Rolling your own sanitization. Writing custom regex to strip dangerous characters is error-prone. Use well-tested libraries: parameterized queries for SQL, DOMPurify for HTML, execFile for commands.
Ignoring SSRF in cloud environments. The cloud metadata endpoint (169.254.169.254) is the most valuable SSRF target. It returns credentials and API keys. Block it by default.

Key Takeaways

Command injection happens when user input reaches a shell. Never pass user input to exec or system. Use execFile or language-native libraries instead.
Path traversal happens when user input controls file paths. Resolve paths and verify they remain within the allowed directory. Use allowlists or ID-based lookups.
SSRF happens when user input controls URLs the server fetches. Validate URLs, block internal IP ranges, and block cloud metadata endpoints. The Capital One breach was caused by SSRF.

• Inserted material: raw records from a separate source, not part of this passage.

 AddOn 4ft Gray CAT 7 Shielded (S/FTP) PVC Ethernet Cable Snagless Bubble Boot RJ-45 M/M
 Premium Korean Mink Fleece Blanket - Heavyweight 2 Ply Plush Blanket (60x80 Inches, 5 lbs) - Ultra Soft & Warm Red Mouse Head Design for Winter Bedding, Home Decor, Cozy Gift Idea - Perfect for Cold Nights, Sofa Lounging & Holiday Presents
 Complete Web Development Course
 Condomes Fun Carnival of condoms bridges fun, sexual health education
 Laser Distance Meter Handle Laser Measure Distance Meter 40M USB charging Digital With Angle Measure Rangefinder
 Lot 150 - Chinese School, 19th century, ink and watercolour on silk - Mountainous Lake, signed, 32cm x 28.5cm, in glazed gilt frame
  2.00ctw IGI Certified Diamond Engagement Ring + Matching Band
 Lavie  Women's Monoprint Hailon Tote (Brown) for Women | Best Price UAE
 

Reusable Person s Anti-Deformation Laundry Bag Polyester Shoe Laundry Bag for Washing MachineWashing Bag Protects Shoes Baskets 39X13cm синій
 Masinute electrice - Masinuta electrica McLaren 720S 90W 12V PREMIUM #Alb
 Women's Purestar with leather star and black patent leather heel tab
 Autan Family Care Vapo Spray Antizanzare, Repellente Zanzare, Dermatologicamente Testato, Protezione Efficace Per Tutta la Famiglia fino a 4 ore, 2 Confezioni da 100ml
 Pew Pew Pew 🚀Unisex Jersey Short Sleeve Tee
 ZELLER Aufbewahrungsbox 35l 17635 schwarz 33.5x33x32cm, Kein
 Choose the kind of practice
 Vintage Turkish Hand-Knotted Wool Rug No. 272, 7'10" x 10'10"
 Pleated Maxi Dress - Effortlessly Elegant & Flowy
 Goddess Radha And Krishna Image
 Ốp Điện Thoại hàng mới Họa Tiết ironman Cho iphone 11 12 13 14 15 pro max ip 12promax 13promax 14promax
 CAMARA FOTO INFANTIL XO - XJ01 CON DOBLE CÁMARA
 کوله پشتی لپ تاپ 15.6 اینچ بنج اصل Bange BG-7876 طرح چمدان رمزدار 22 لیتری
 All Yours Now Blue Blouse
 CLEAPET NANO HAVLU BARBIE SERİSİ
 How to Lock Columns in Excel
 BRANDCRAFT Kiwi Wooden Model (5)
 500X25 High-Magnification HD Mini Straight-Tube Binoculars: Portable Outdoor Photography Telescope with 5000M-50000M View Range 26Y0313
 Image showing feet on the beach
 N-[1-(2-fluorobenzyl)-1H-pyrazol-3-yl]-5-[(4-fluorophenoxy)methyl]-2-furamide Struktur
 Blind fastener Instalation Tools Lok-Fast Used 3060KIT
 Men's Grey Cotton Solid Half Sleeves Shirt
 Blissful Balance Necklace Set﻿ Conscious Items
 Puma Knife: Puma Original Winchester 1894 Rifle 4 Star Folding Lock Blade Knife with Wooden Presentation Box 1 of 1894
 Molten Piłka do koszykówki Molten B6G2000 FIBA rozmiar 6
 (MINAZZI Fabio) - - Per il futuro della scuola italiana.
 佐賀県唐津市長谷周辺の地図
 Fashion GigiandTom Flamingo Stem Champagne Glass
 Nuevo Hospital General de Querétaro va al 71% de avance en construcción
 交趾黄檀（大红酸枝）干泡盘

Template injection happens when user input is embedded in template strings. Always pass user input as template variables, never as part of the template itself.
NoSQL injection uses query operators instead of SQL syntax. Validate that inputs match expected types and strip operator keys.
The universal principle: never trust user input, regardless of its source. Validate input for correctness, parameterize queries, avoid shell interpreters, and encode output.